Una politica stanca, priva di entusiasmo, in grandissima difficoltà a motivare le persone, soprattutto i giovani. Impossibilitata a definire strategie almeno di medio periodo. Ho un grandissimo rispetto per chi oggi fa politica. Per quasi 20 anni ho partecipato alle riunioni di Giunta del Comune di Arezzo: conosco le amarezze, le disillusioni, la fatica e talvolta le umiliazioni di politici e amministratori pubblici. Pieno rispetto, quindi per il loro lavoro e per il coraggio che hanno nel farlo. Detto questo, la politica di oggi, in Italia e nel mondo, è roba da guerrieri. Non contano lo studio, le analisi, i confronti, i pensieri divergenti. Conta attaccare e distruggere l'avversario nella patetica illusione di avere la verità in tasca e nella suicidiaria idea che si possa rinunciare al contributo degli altri. La cosiddetta globalizzazione non lascia zone illuminate: Arezzo è parte dell'Italia e del mondo. Forse un po' più fortunata ma il peggio può ancora arrivare. O forse no: vedremo.
- Lei ha scritto Ombre rosse, sull'evoluzione politica e amministrativa ad Arezzo negli ultimi 40 anni, con la sinistra da essere pilastro a ruolo marginale, cosa prevede per le prossime elezioni?

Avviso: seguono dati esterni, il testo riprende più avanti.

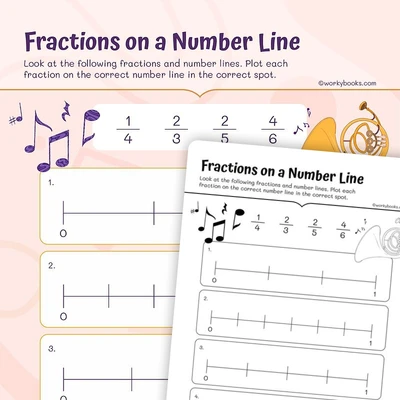Fractions on a Number Line - worksheet educational content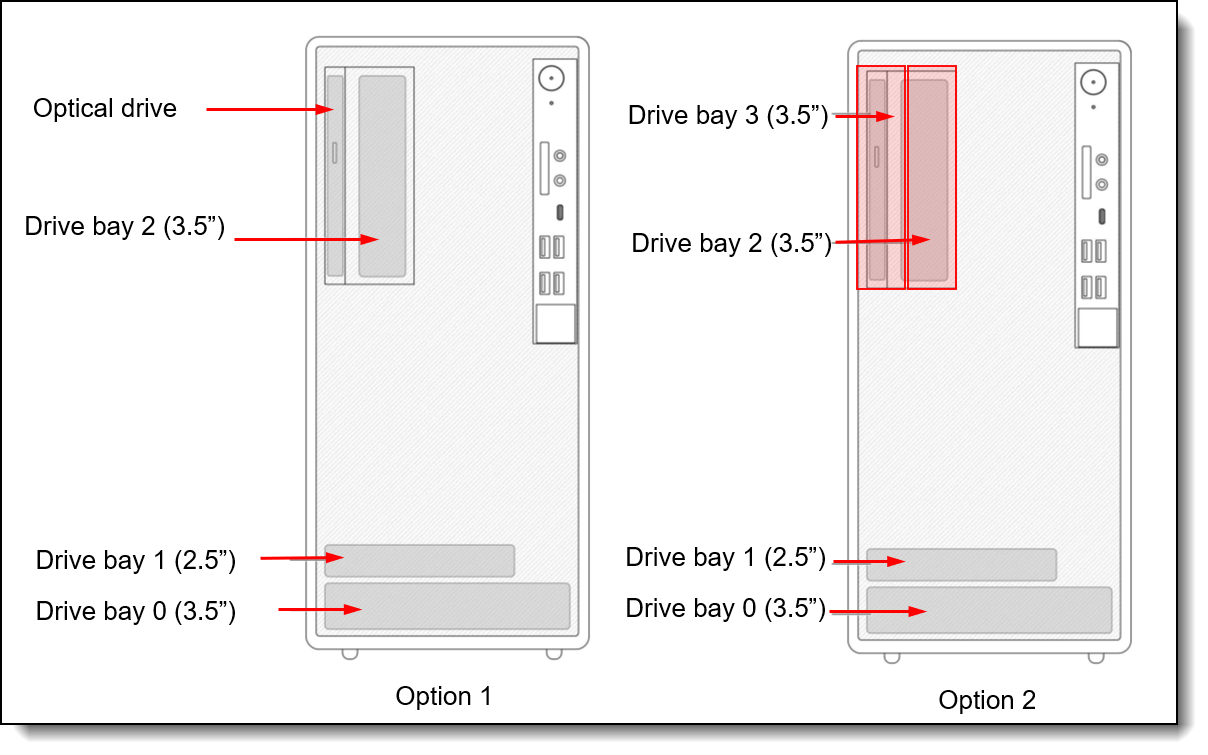 ST45 V3 drive bays
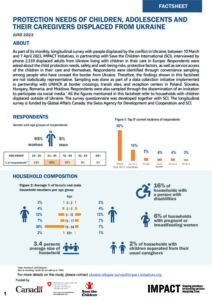 IMPACT Ukrainian refugee Child Protection factsheet (2023-03-10 – 2023-04-07)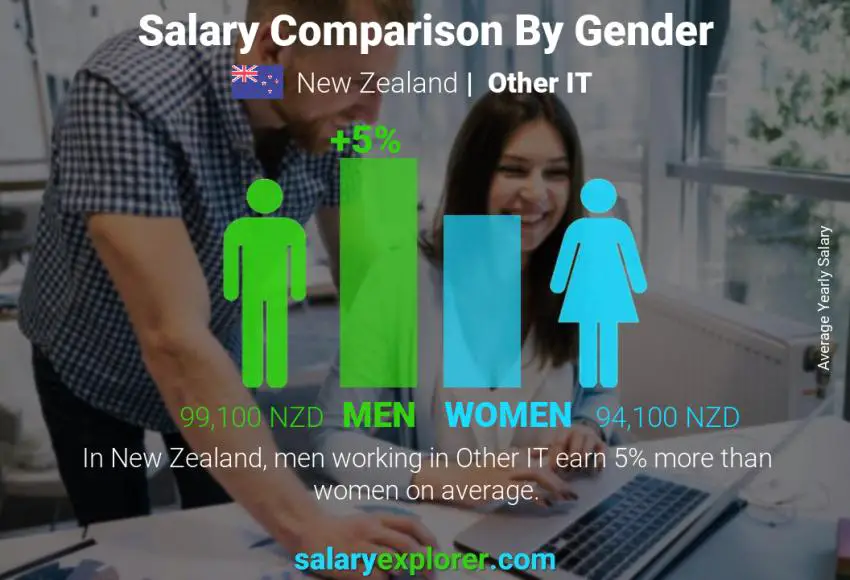 Salary comparison by gender New Zealand Other IT yearly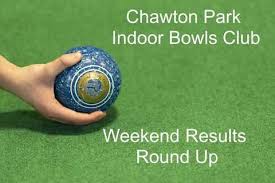 Image result for Hetton Park Bowls Club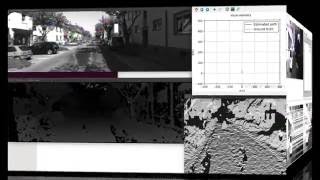 Tracking Position and Sensing Depth using Stereo Cameras (Stereo Visual Odometry)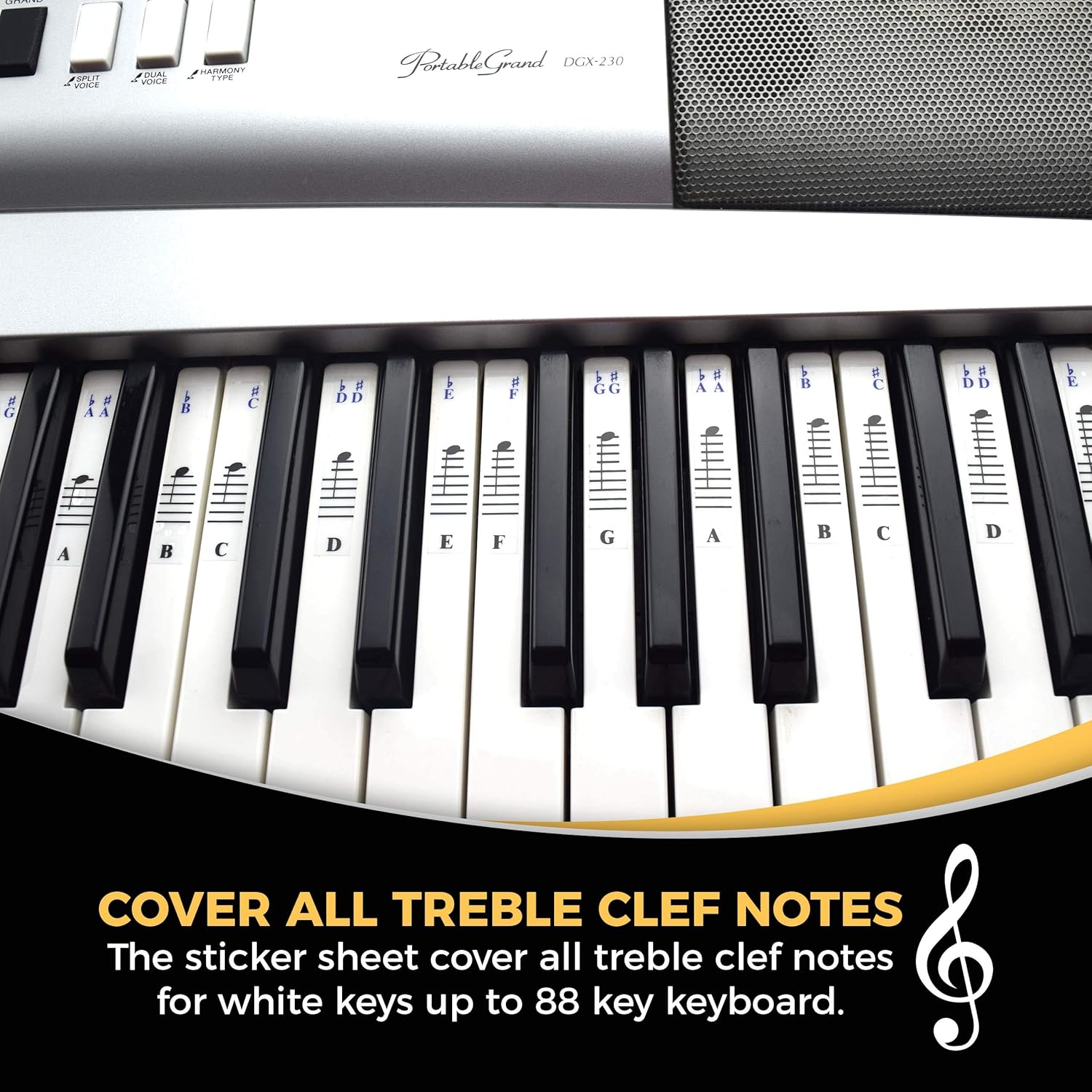 Pegatinas para piano y teclado, Negro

Non un pronostico, che non si sa nemmeno chi scende in campo, ma la lettura dell'attuale situazione.
Una valutazione personale che mi sono permesso di fare è che oggi in politica non vince nessuno. Si tratta solo di vedere chi perde. E chi perde lo fa spesso per colpa sua e raramente per merito dei suoi avversari. A livello nazionale sento poche voci sul fatto che siamo ormai al 40% dei votanti. Conta solo chi vince e chi perde. Ironia della sorte e danno per la democrazia, una coalizione può vincere quindi con il 21% degli aventi diritto e il leader del partito più forte di questa coalizione può avere l'ambizione di governare da solo con poco più del 10% del consenso dei cittadini. Democrazia? Non lo so. Spero che la prossima campagna elettorale ad Arezzo veda tutti scegliere una priorità: riportare le persone al voto. Poi ognuno provi a convincerci che ha in mente un serio progetto per il futuro della città che mi sembra una realtà stanca, economicamente in affanno, socialmente esposta. E il progetto non può fare a meno di un rinnovamento generazionale. Noi vecchi stiamo dominando il mondo. Tornando al mio mestiere, non è una bella notizia.